### TASK REQUIREMENTS
Set down again, exactly and only, the lines from the one that contains "Steer Wrestling" through the last line of the records below, both included, but not the pictures.

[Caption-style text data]

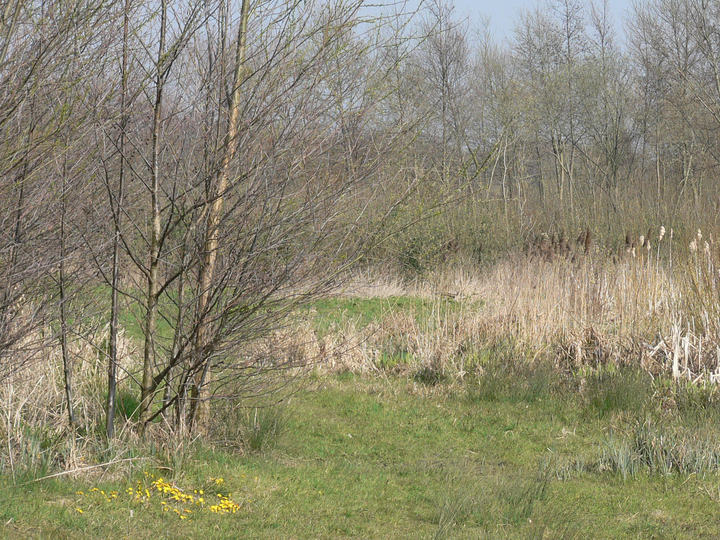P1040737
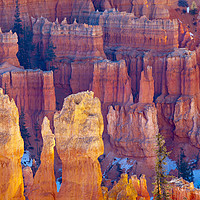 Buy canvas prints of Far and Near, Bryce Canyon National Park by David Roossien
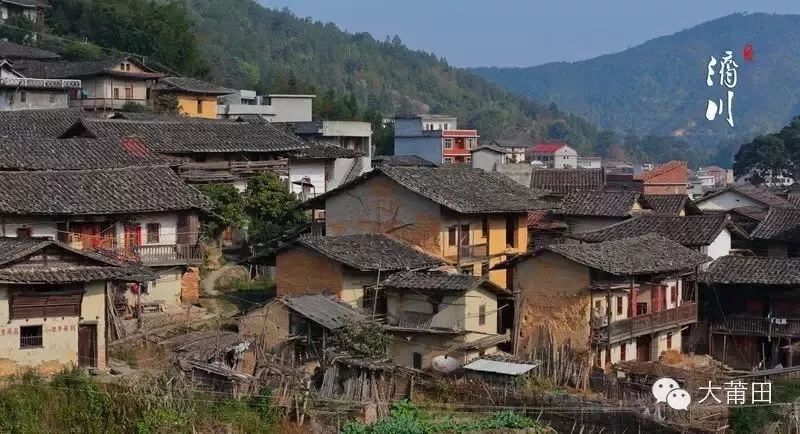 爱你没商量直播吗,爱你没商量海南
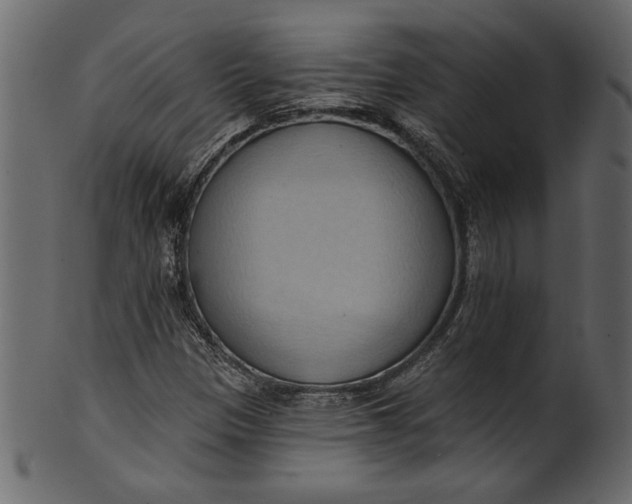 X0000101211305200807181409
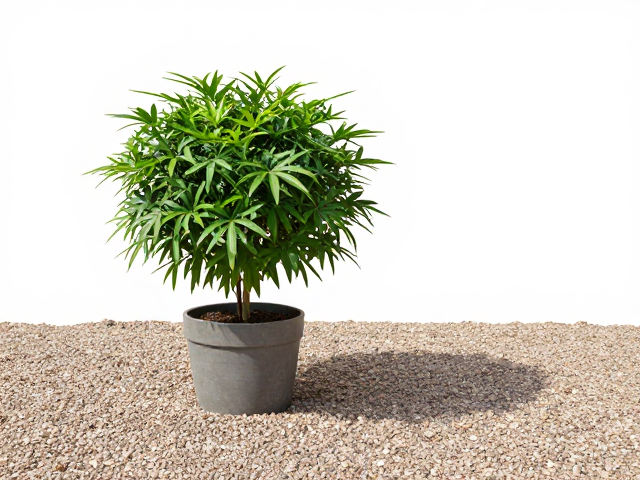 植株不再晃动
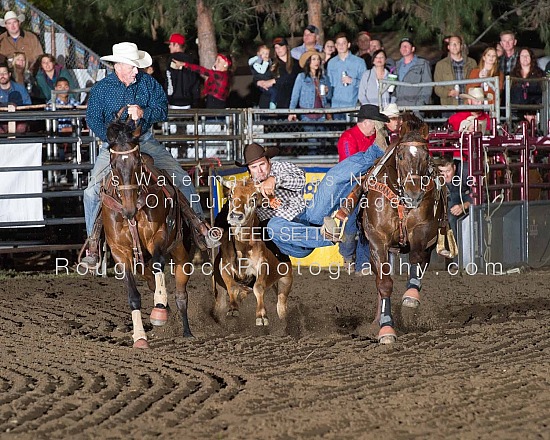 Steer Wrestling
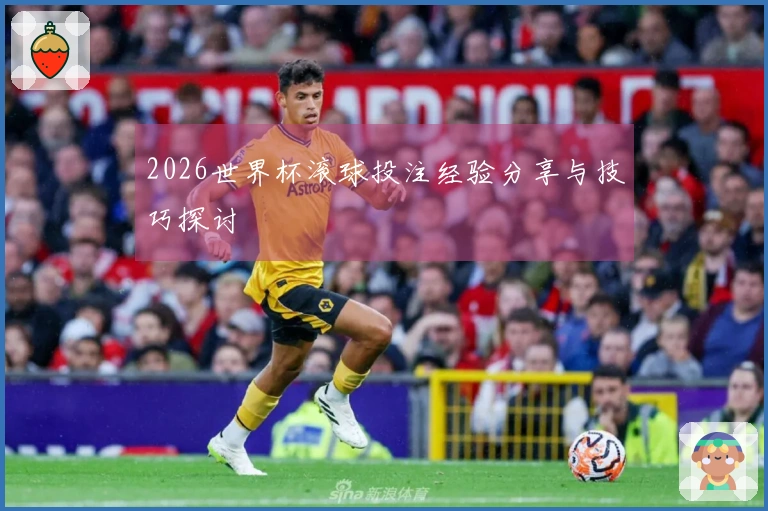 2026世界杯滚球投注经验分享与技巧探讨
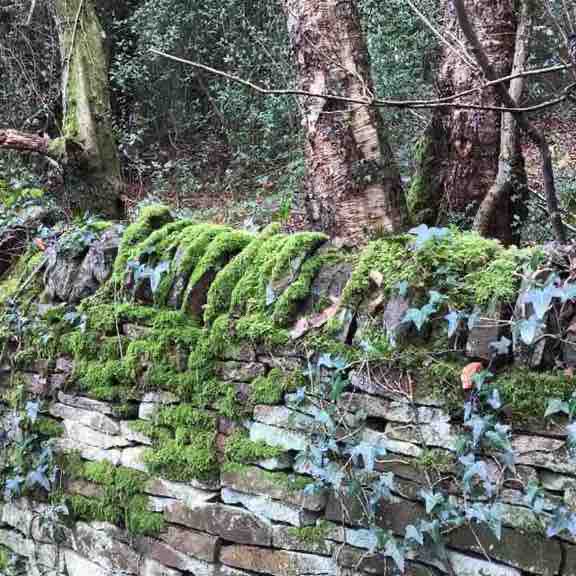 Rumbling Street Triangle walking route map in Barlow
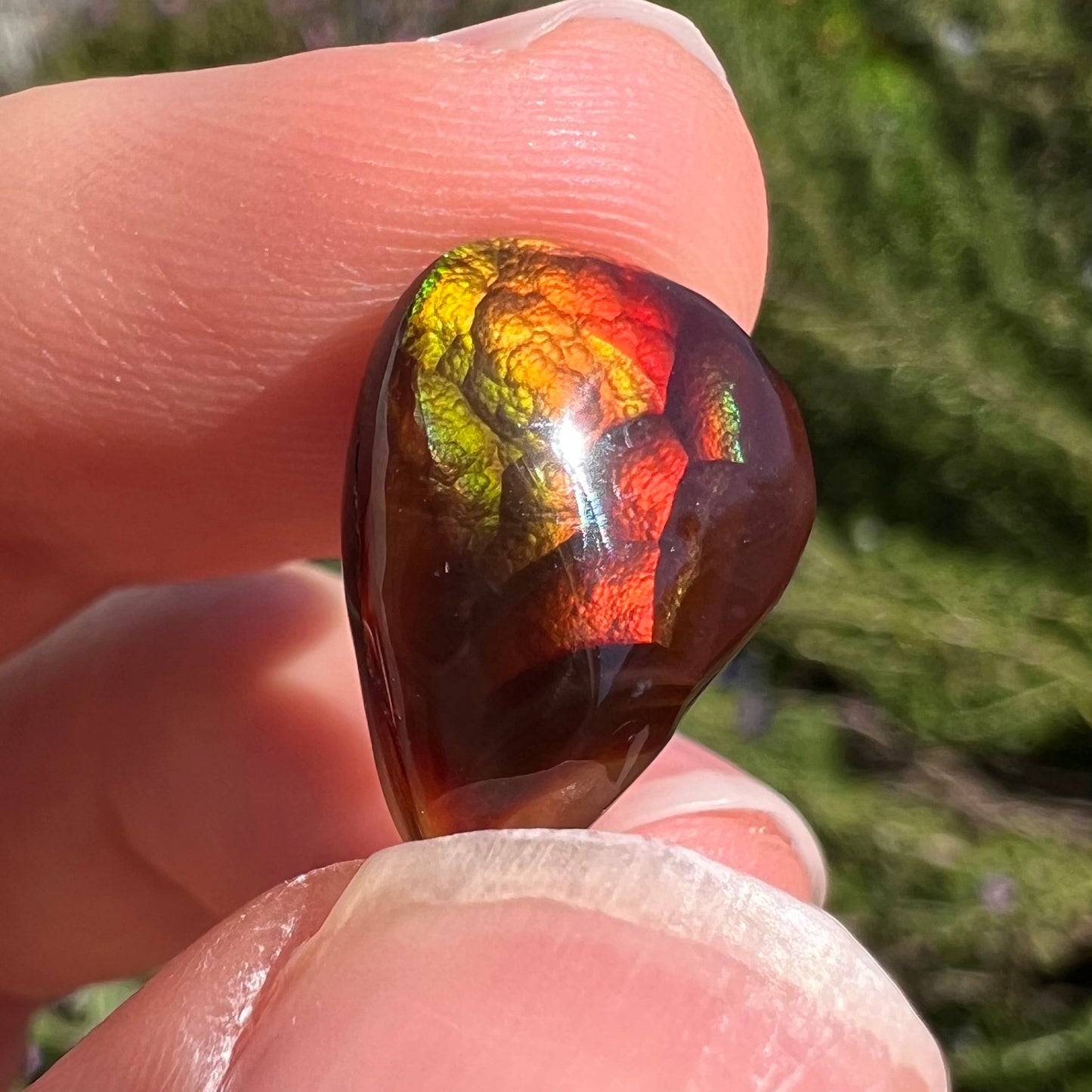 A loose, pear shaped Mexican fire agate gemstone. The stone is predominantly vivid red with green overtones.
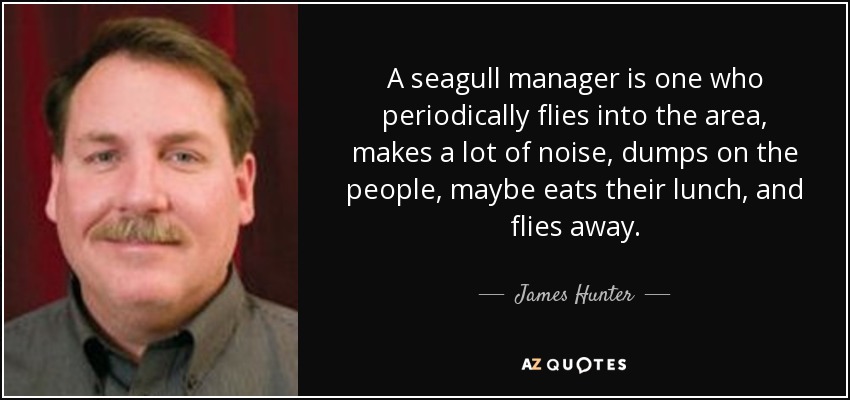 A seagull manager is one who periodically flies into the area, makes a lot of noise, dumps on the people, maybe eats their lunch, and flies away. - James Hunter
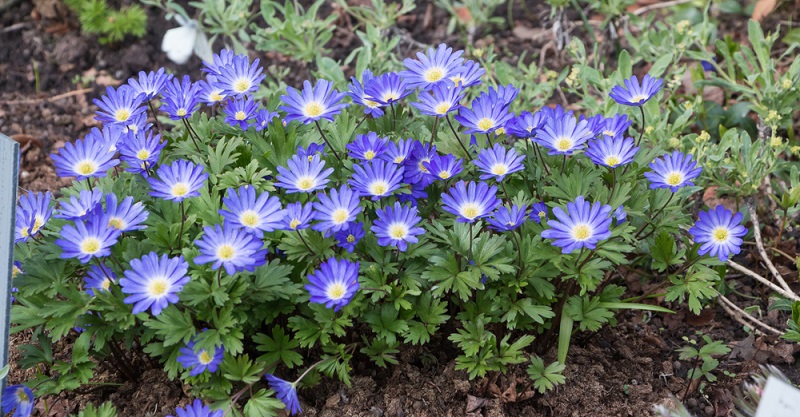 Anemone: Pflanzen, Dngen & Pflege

### SOLUTION FOR THIS EXERCISE
 Steer Wrestling
 2026世界杯滚球投注经验分享与技巧探讨
 Rumbling Street Triangle walking route map in Barlow
 A loose, pear shaped Mexican fire agate gemstone. The stone is predominantly vivid red with green overtones.
 A seagull manager is one who periodically flies into the area, makes a lot of noise, dumps on the people, maybe eats their lunch, and flies away. - James Hunter
 Anemone: Pflanzen, Dngen & Pflege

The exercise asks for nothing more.